Oral Health Topics
Amalgam Separators and Waste Best Management
- Dentists are encouraged to follow dental best management practices for amalgam waste handling and disposal.
- Use of ISO 11143-compliant amalgam separators is recommended.
- EPA final rule on amalgam separators was released on December 15, 2016. January 2017 update: The amalgam separator rule (as well as other pending rules) has been suspended by the Trump Administration to give administration officials an opportunity to review.
Prepared by: Center for Scientific Information, ADA Science Institute
Current estimates indicate that less than 1% of the mercury released into the environment comes from dental preparations and uses.1, 2 The majority of mercury from dentistry-related origin is in the form of elemental mercury in amalgam and not methylmercury, which is the form of mercury of particular environmental concern. Notwithstanding, following are insights about stewardship efforts with respect to dental amalgam in the waste stream.

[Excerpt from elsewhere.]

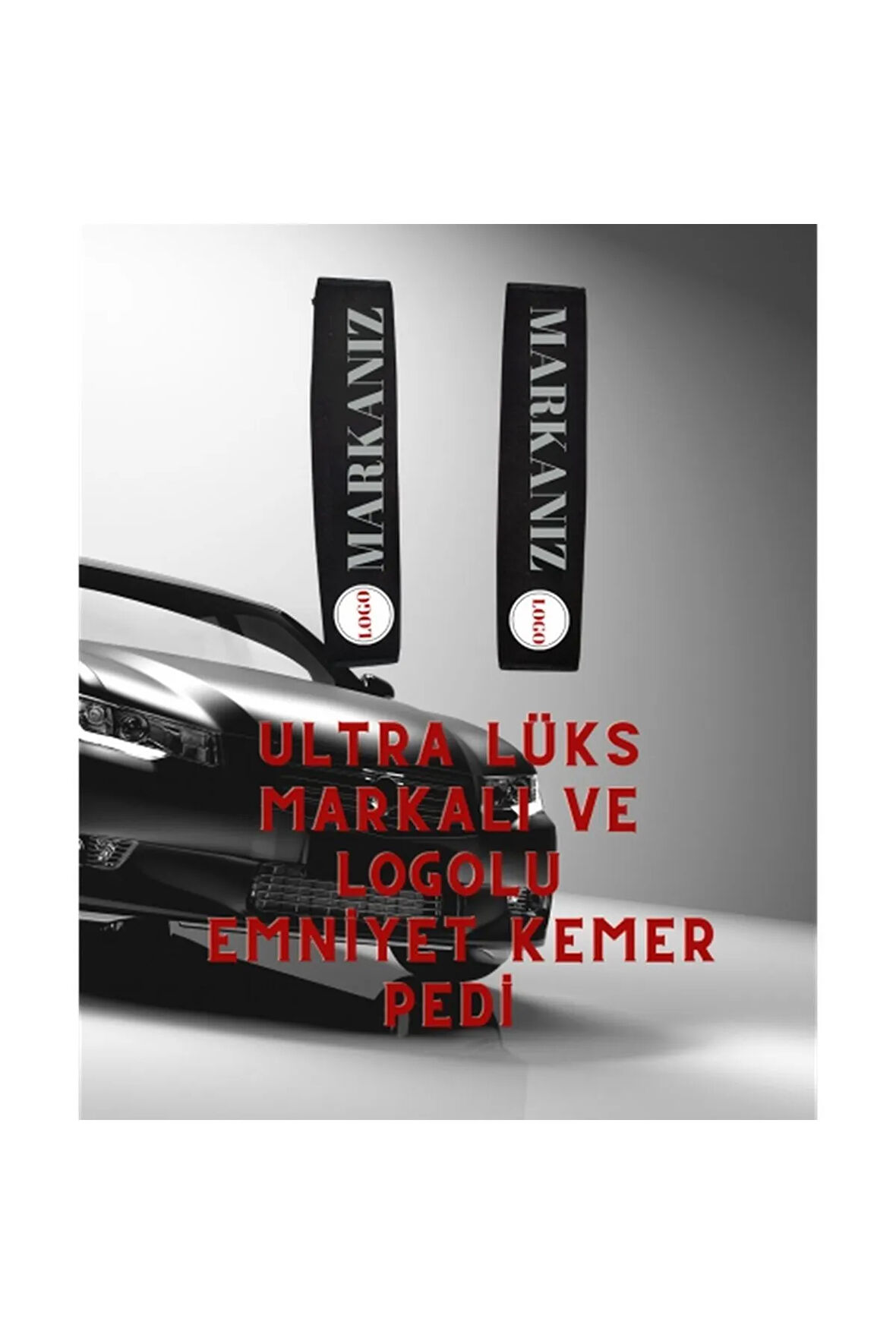 seat cordoba  Ultra Lüks Emniyet Kemer Pedi Siyah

American National Standards Institute/American Dental Association (ANSI/ADA) Standard No. 109 defines amalgam waste as including amalgam (scrap), chair-side trap filters containing amalgam vacuum pump filters containing, amalgam, saliva ejectors if used in dental procedures involving amalgam, used amalgam capsules, extracted teeth with amalgam restorations, and waste items that are contaminated with amalgam.3
Amalgam Waste Best Management Practices
Dental best management practices for amalgam waste handling and disposal4
include use of chair-side traps, use of ISO 11143-compliant5
amalgam separators, regular inspection and cleaning of traps, and use of appropriate commercial waste service to recycle and/or dispose of collected amalgam (Table). Compliance with the EPA final rule on amalgam separators is recommended.

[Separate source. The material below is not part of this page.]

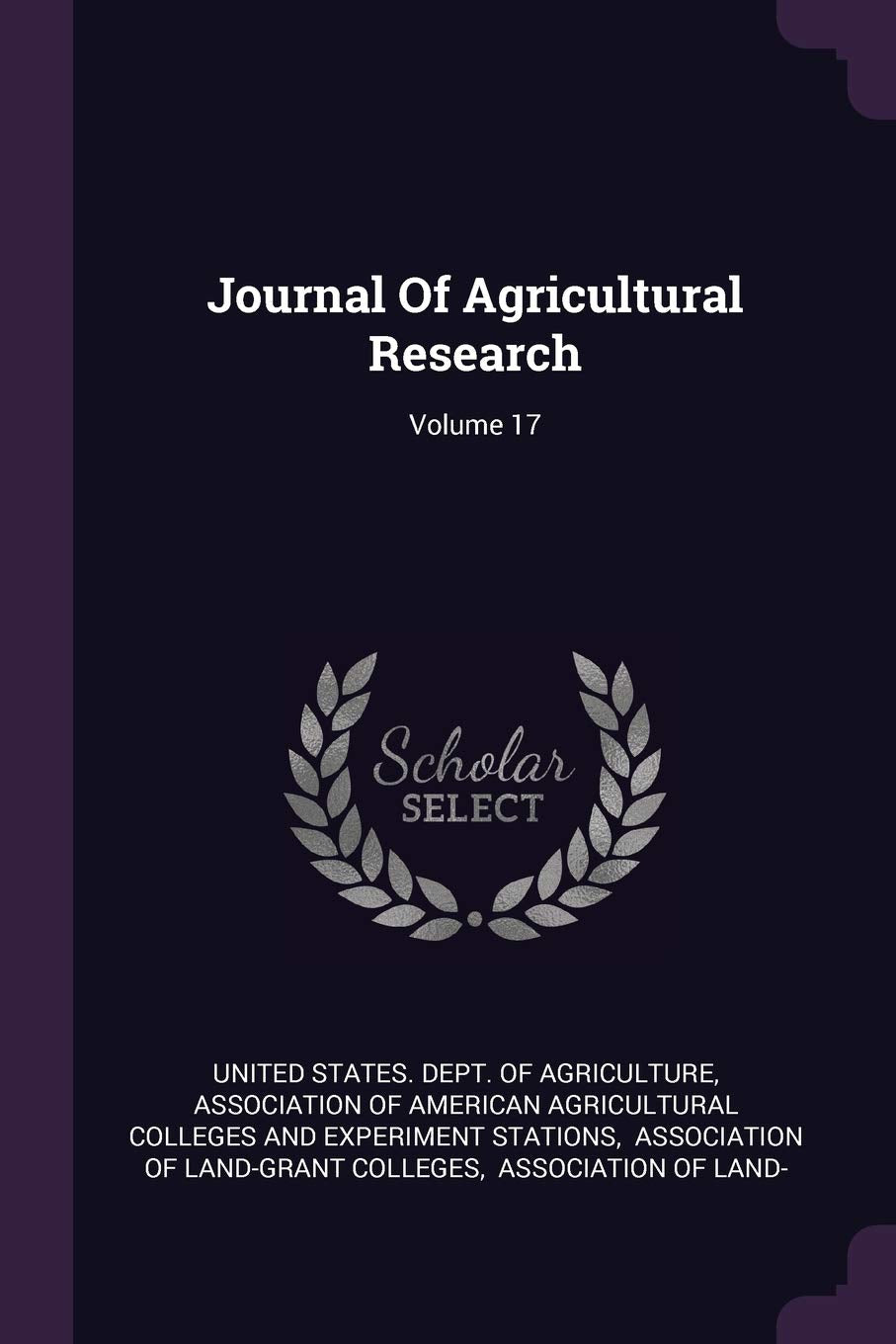 Journal Of Agricultural Research; Volume 17 Business, Finance & Career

Table. Best Management Practices for Amalgam Waste4
| Do use precapsulated alloys and stock a variety of capsule sizes
|Don't use bulk mercury
| Do recycle used disposable amalgam capsules
| Don't put used disposable amalgam capsules in biohazard containers
| Do salvage, store, and recycle non-contact (scrap) amalgam
| Don't put non-contact amalgam waste in biohazard containers, infectious waste containers (red bags), or regular garbage
| Do salvage (contact) amalgam pieces from restorations after removal and recycle their contents
| Don't put contact amalgam waste in biohazard containers, infectious waste containers (red bags), or regular garbage
| Do use chair-side traps, vacuum pump filters, and amalgam separators to retain amalgam and recycle their contents
| Don't rinse devices containing amalgam over drains or sinks
| Do recycle teeth that contain amalgam restorations (Note: Ask your recycler whether extracted teeth with amalgam restorations require disinfection)

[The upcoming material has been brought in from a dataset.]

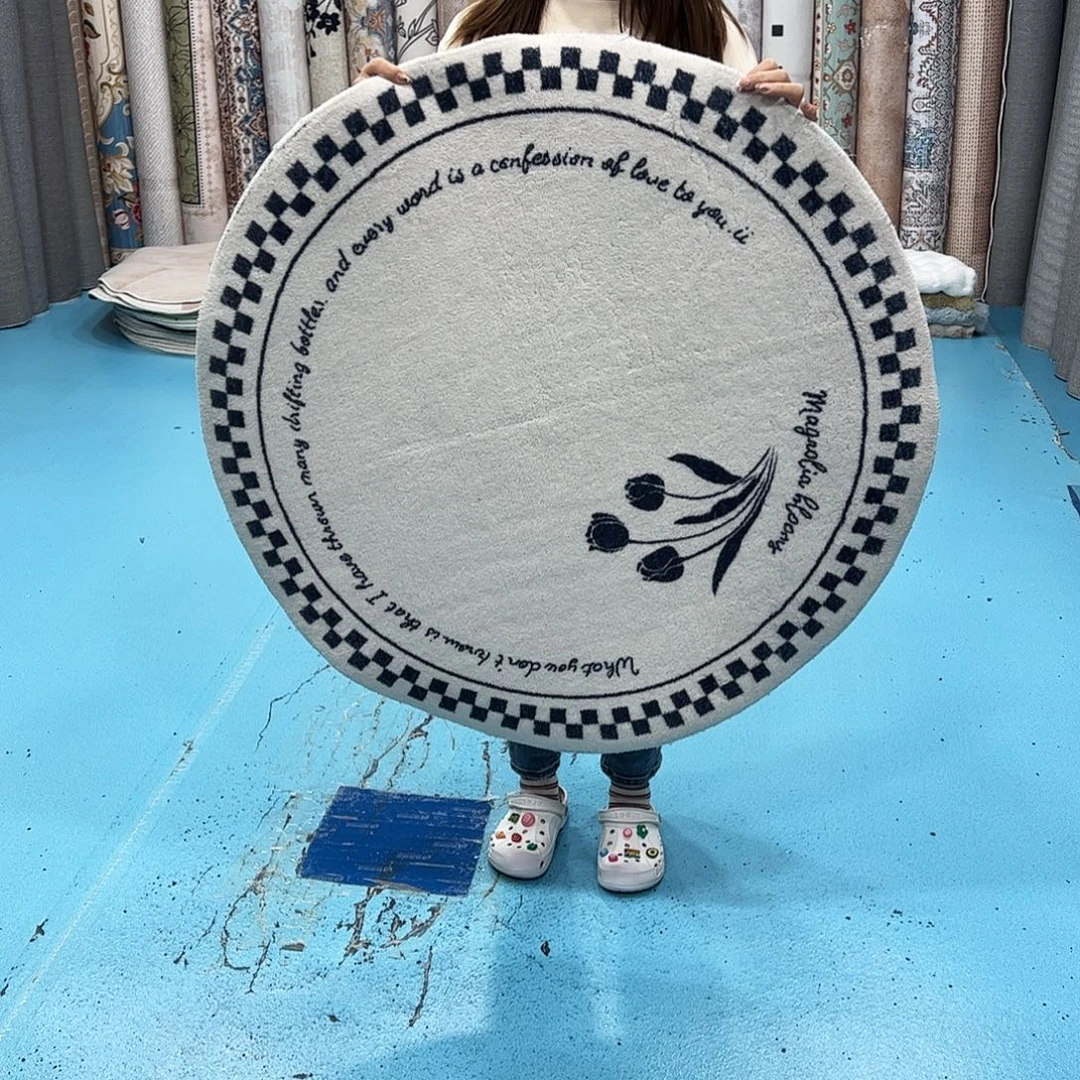 混纺加厚棉布底仿羊绒直径一米圆全新特价福利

| Don't dispose of extracted teeth that contain amalgam restorations in biohazard containers, infectious waste containers (red bags), sharps containers, or regular garbage
| Do manage amalgam waste through recycling as much as possible
| Don't flush amalgam waste down the drain or toilet
| Do use line cleaners that minimize dissolution of amalgam
| Don't use bleach or chlorine-containing cleaners to flush wastewater lines
Amalgam separators remove amalgam particles from the wastewater to reduce the amount of amalgam entering the sewage system. Amalgam separators are devices designed to capture amalgam particles from dental office wastewater through sedimentation, filtration, centrifugation, or a combination of these mechanisms.6
Some separators may also use ion exchange technology to remove mercury from wastewater.6
Whenever there is need for plumbing work or other activities that might dislodge amalgam waste adhering to the inside of the pipes, it is recommended that steps be taken to minimize potential health or environmental issues.
The Environmental Protection Agency (EPA) regulation on the use of amalgam
separators has been in development,7
and was released in December 2016
. January 2017 update: The amalgam separator rule (as well as other pending rules) has been suspended by the Trump Administration to give administration officials an opportunity to review. Check with your state or local dental society
to determine what, if any, additional requirements may apply to your practice.
- Graham J, Amar P, Irvine M, et al. Inventory of anthropogenic mercury emissions in the Northeast. Northeast States for Coordinated Air Use Management (NESCAUM) 2005. Accessed September 12, 2016.
- U.S. Environmental Protection Agency. Mercury in dental amalgam. Accessed September 12, 2016.
- American National Standards Institute/American Dental Association. Procedures for Storing Dental Amalgam Waste and Requirements for Amalgam Waste Storage/Shipment Containers. Chicago, IL; 2006 (reaffirmed 2012).
- American Dental Association. Best management practices for amalgam waste. October 2007. Accessed September 12, 2016.
- International Organization for Standardization. ISO 11143:2008: Dentistry — Amalgam Separators; 2008 (last reviewed and confirmed 2011).
- Chou HN, Anglen J. An evaluation of amalgam separators. J Am Dent Assoc 2012;143(8):920-21.
- ADA News. EPA pushes final ruling on amalgam separators to December. American Dental Association April 27, 2016. Accessed September 12, 2016.